## RECORDS
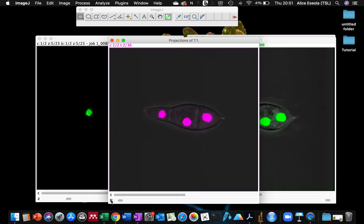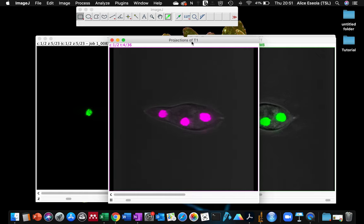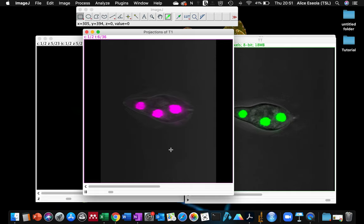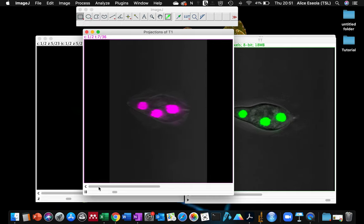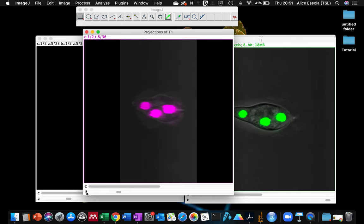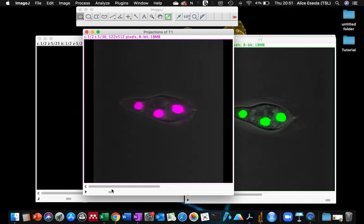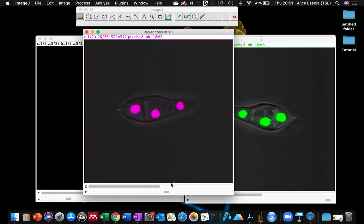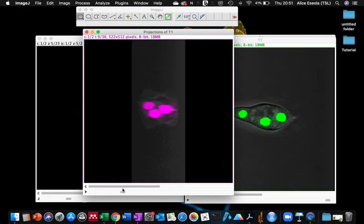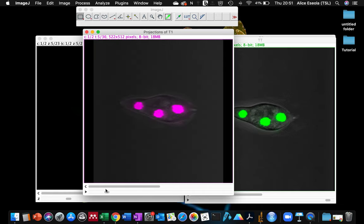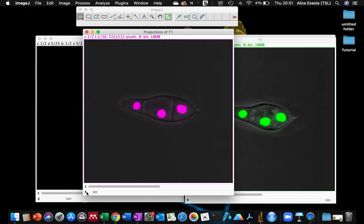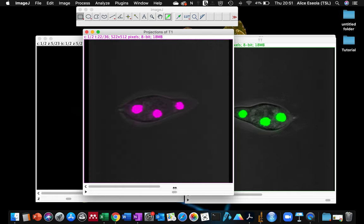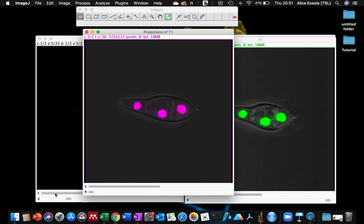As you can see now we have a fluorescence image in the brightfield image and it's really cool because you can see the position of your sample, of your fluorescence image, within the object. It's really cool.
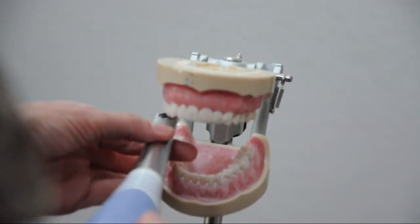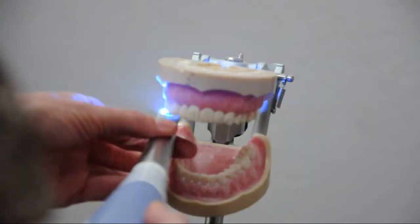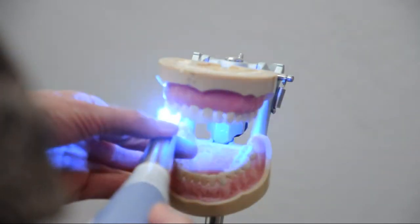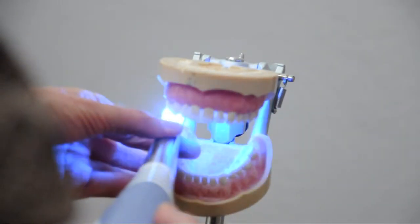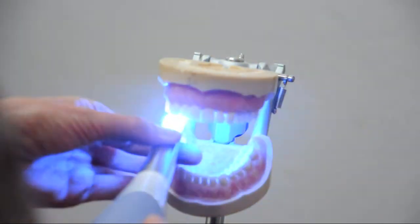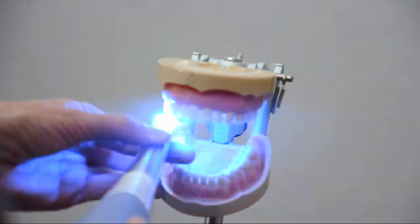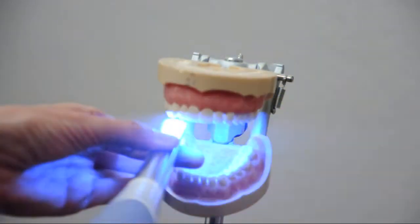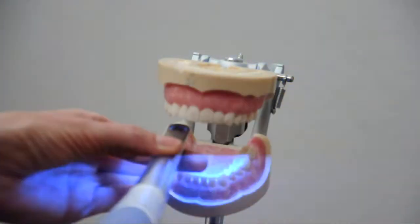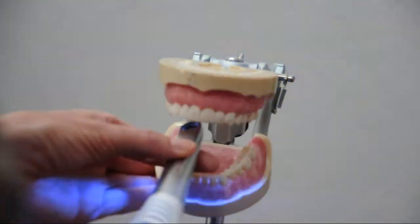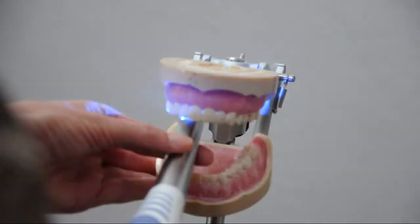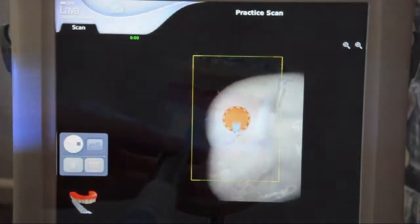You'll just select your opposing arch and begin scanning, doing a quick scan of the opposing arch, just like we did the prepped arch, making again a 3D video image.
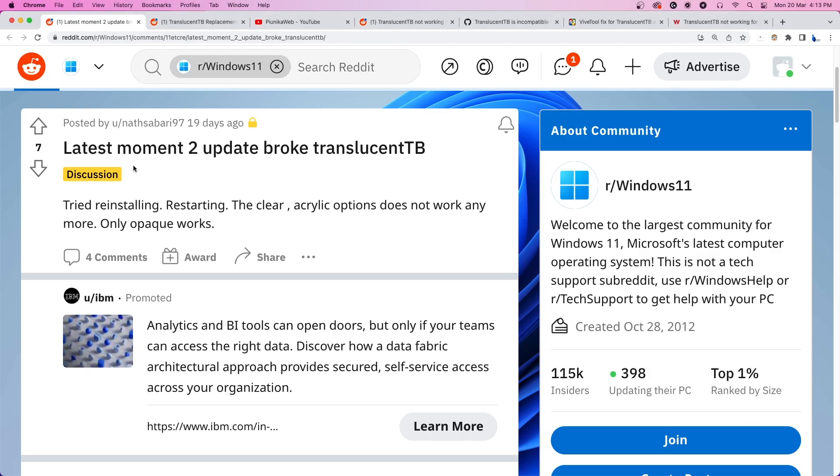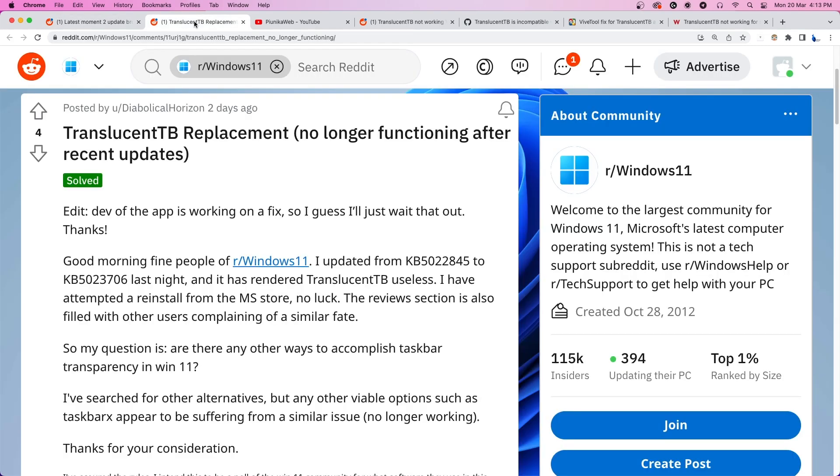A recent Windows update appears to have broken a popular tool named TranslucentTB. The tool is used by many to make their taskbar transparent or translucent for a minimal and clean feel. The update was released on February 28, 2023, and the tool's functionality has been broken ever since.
--
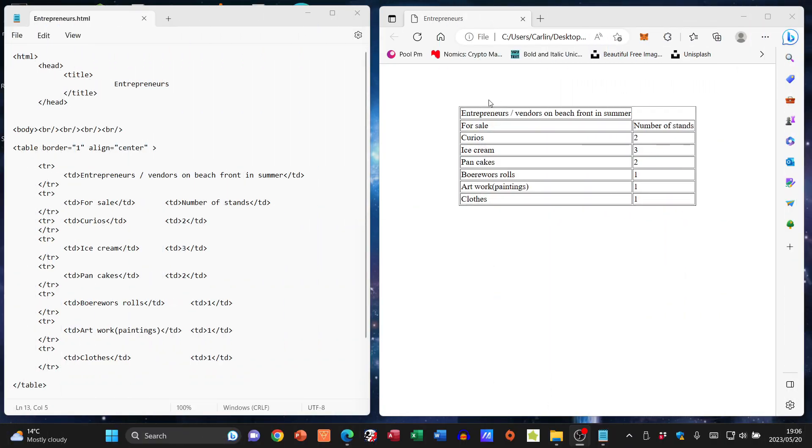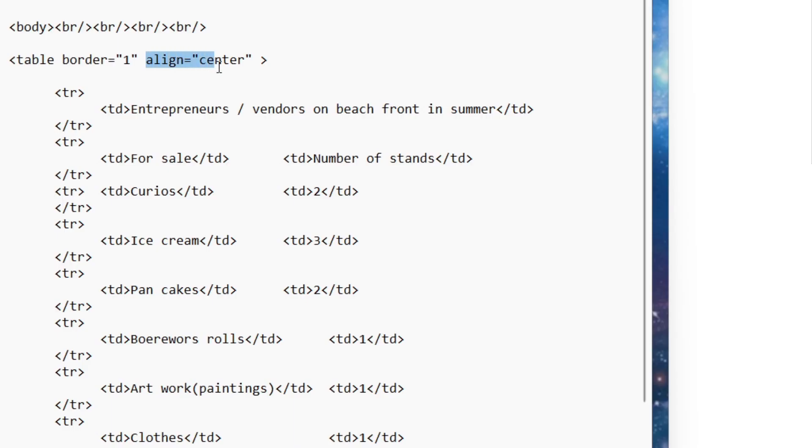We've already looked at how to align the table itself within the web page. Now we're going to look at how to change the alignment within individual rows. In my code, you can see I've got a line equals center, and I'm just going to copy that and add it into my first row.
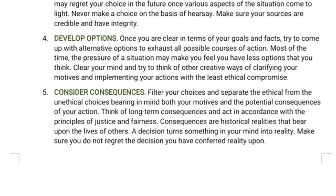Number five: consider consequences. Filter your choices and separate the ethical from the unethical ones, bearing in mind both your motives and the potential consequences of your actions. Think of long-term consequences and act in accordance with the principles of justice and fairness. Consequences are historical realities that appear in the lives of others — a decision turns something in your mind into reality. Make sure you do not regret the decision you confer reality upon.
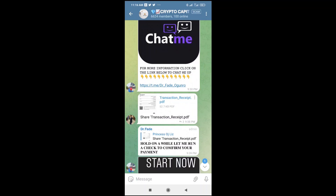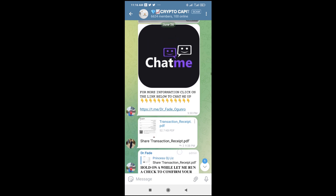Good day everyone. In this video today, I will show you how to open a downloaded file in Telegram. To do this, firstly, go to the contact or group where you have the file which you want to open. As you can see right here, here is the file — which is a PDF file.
...
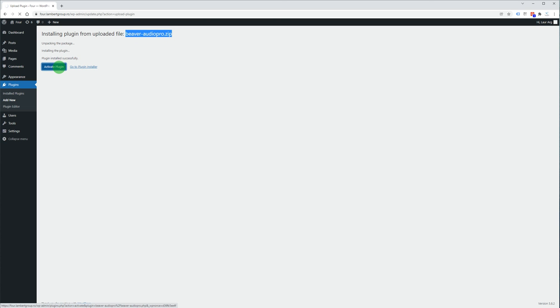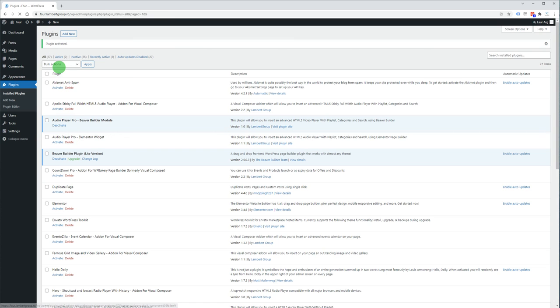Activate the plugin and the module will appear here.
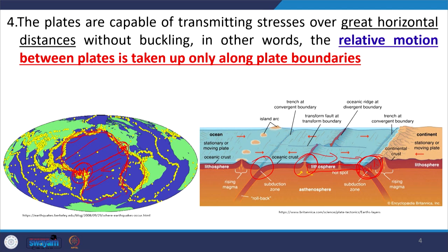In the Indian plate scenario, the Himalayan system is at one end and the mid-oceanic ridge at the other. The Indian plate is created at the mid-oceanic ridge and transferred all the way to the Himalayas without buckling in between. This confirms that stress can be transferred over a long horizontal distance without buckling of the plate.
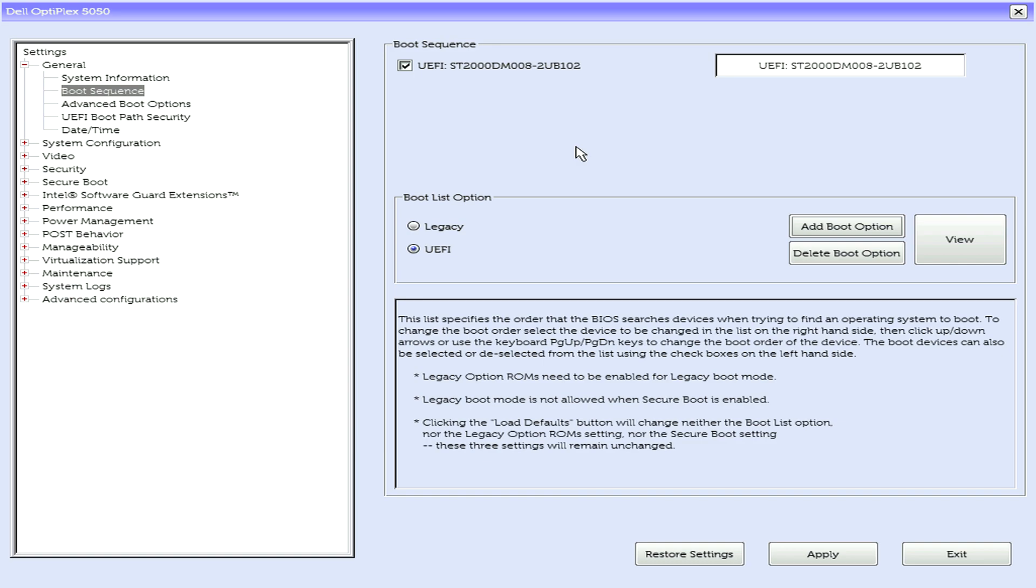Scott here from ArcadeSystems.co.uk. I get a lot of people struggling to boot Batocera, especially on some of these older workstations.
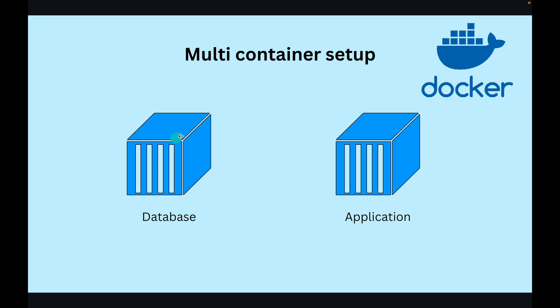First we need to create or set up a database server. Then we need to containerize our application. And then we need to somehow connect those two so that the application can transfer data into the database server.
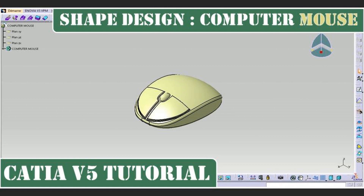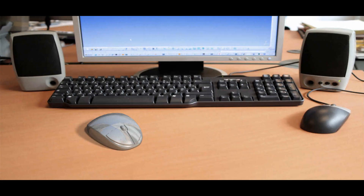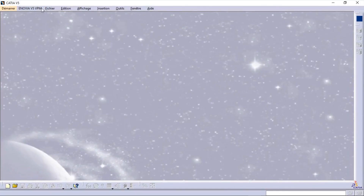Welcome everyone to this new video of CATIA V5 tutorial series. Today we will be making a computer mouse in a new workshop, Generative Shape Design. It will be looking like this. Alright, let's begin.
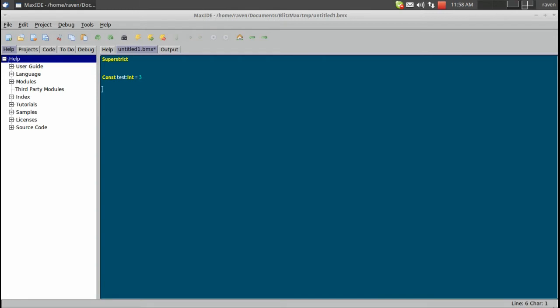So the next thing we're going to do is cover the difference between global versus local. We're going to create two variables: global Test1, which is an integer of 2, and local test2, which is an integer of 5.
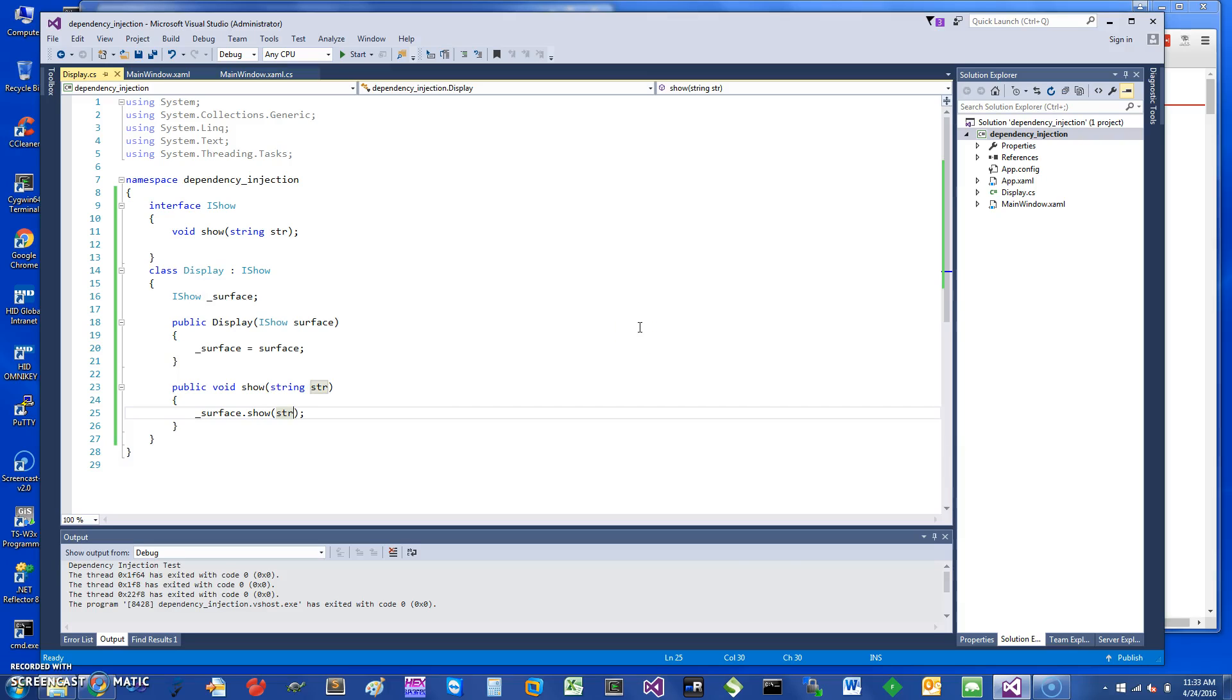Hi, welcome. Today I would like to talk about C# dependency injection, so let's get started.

## ACTION ITEM
Leaving out the pictures, please output the lines in the entries above from the one with "So the next" through the one with "Hi, welcome. Today", exactly as they are.

## RESULT
So the next thing we're going to do is cover the difference between global versus local. We're going to create two variables: global Test1, which is an integer of 2, and local test2, which is an integer of 5.
Hi, welcome. Today I would like to talk about C# dependency injection, so let's get started.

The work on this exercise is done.